In his first appearance as leader of the newly minted Wildrose Alliance of Alberta Party Monday, Paul Hinman was joined by two industry insiders to discuss the need for change and his concerns about the proposed shifts in the oil and gas royalty system.

“The premier and this whole Tory Stale-mach government is out of touch,” Hinman, the MLA for Cardston-Taber-Warner, told a group of 22 people at Red Deer’s North Hill Inn Monday night. “We’re a true, small ‘c’ conservative party.” ...
22 people? What a joke. This meeting was advertised and promoted in the Red Deer Advocate days before it happened. When one takes into account the fact that Alberta Alliance candidates and activists were likely in attendance, basically nobody showed up at all.

Red Deer has a large oil field service sector. The Wildrose Alliance and its predecessors have been babbling non-stop for months about how this sector is going to be devastated by Stelmach's modest royalty tweaks.

Unfortunately for Paul Hinman and the Wildrose Alliance, it would appear the good citizens of Red Deer just aren't buying their propaganda.

You can fool some of the people, all of the time ...

... and this explains why Alberta's right wing, federalist, political chameleons continue to superficially reinvent and rebrand themselves.

For over 20 years, Reform Party members in Alberta have been trying to establish a provincial political party to displace the heathen Tories. A small number of right wing Albertans (maxing out at about 14% of the population) have shown some affinity for this sort of political movement, but the Reformers have never really managed to slither out of the right wing swamps and gain broad provincial support. Various forgettable politicians have been behind these efforts, and several provincial parties have been formed, only to eventually implode in a paroxysm of religious intolerance and personal conflict. The Representative Party, Alliance Party, and Alberta First Party have all vanished. The Alberta Party is still officially around, although it only has one member, and is on the fast track to extinction.

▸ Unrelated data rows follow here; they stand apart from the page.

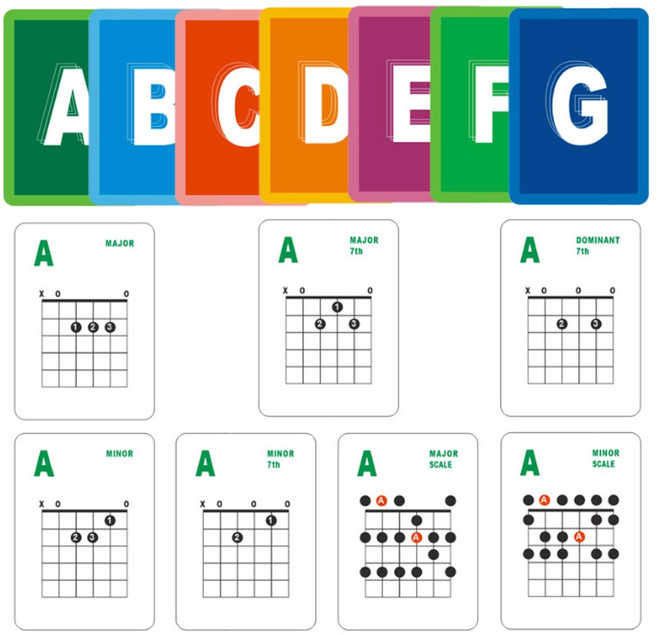 휴대용 코팅 기타 코드표 카드, 1개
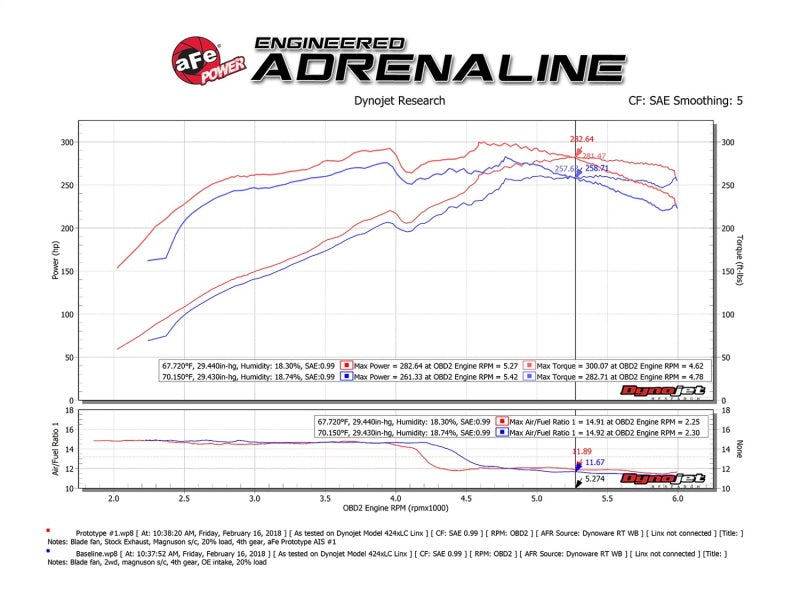 Système d'admission d'air froid aFe Momentum GT Pro DRY S 10-18 Toyota 4Runner V6 4.0L avec Magnuson s/c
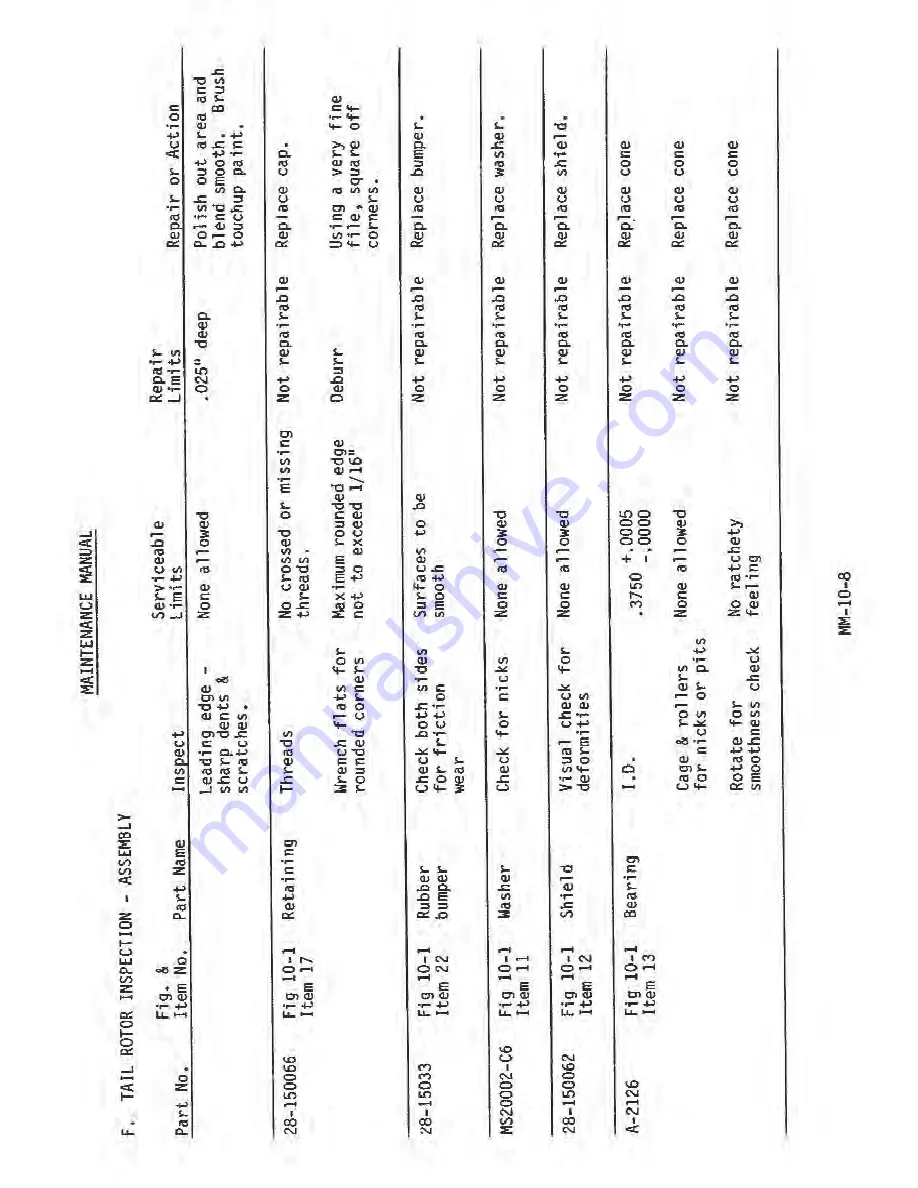 ENSTROM 280F Series Maintenance Manual Download Page 338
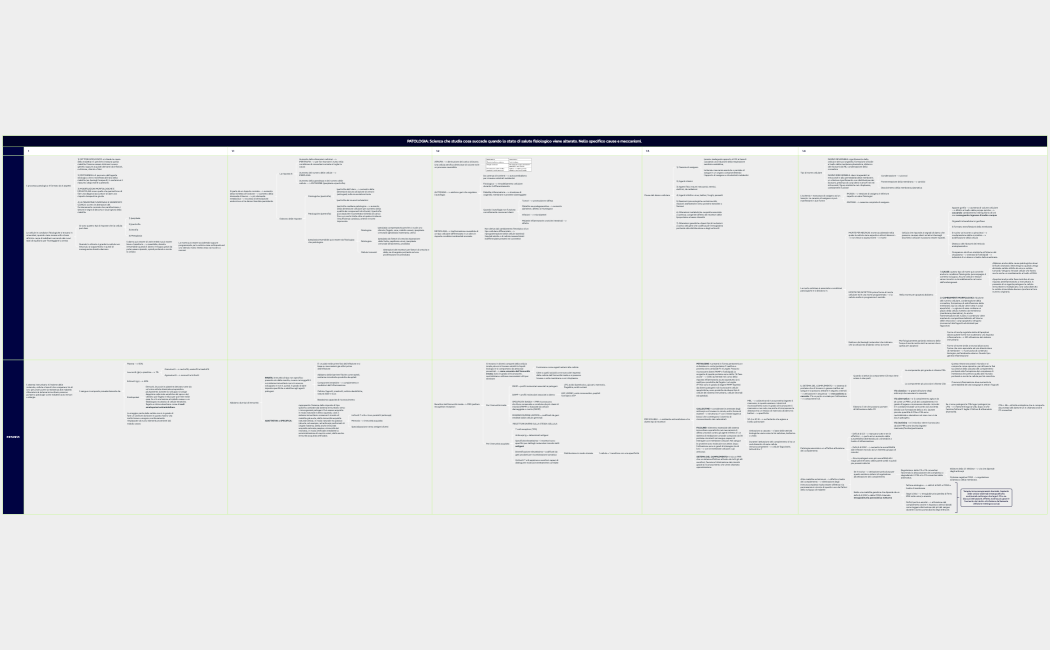 PATOLOGIA Scienza che studia cosa succede quando lo stato di salute fisiologico viene alterato. Nello specifico cause e meccanismi. 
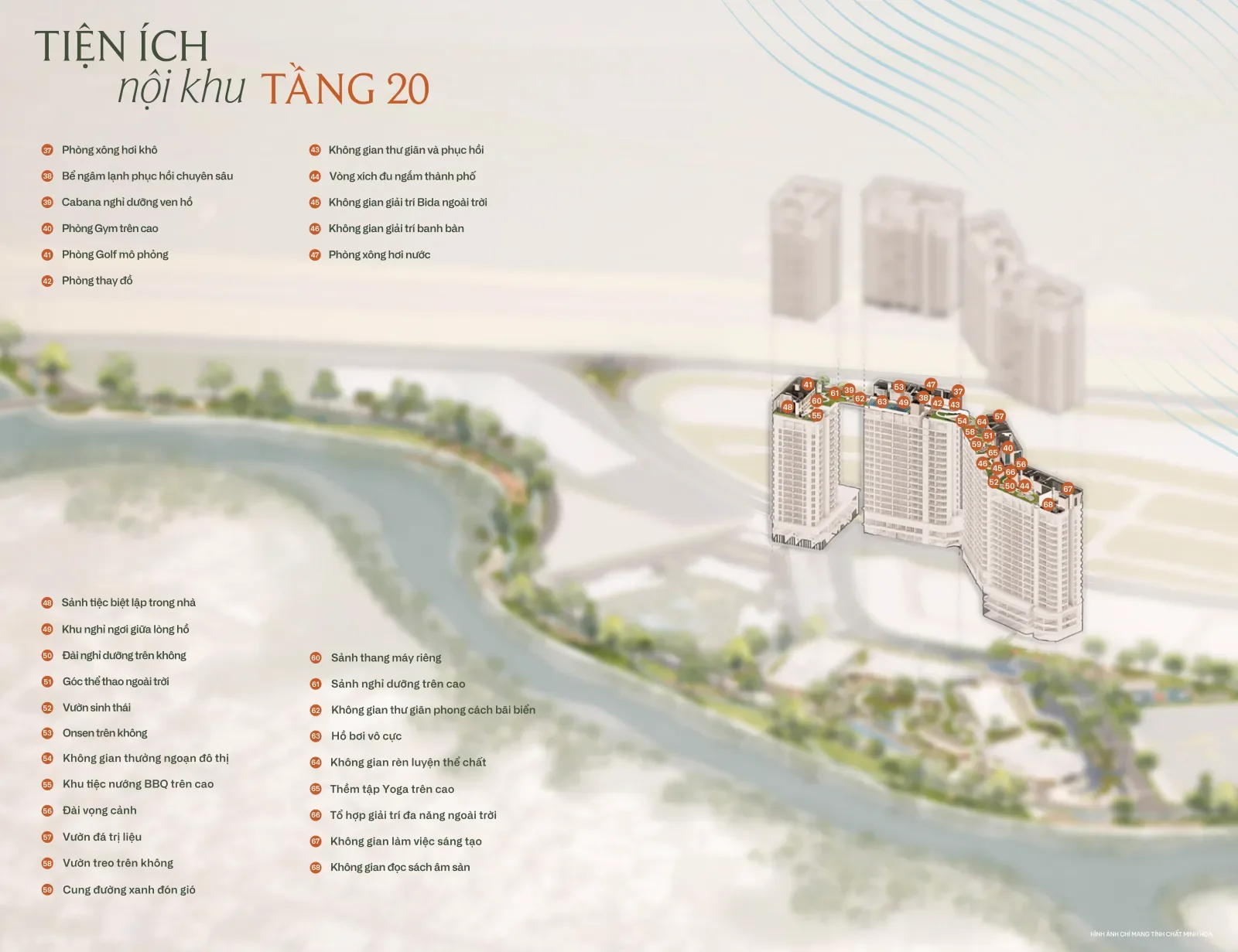 Sơ đồ tiện ích tầng 20 Palm River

The Alberta Alliance and Wildrose Party are the most recent entrants into the fray. Both have managed to attract a few hundred members, but these members really consist of the same old group of chronic whiners, religious fanatics, and single issue axe-grinders that always show up at right wing gabfests. Notwithstanding all of their efforts, the Reform chameleons in the Alliance and Wildrose were forced to face the fact that Albertans didn't like them very much, and, with an election looming, something drastic had to be done. But what? You guessed it - another exercise in political skin-shedding.

So, it's goodbye to the Alberta Alliance.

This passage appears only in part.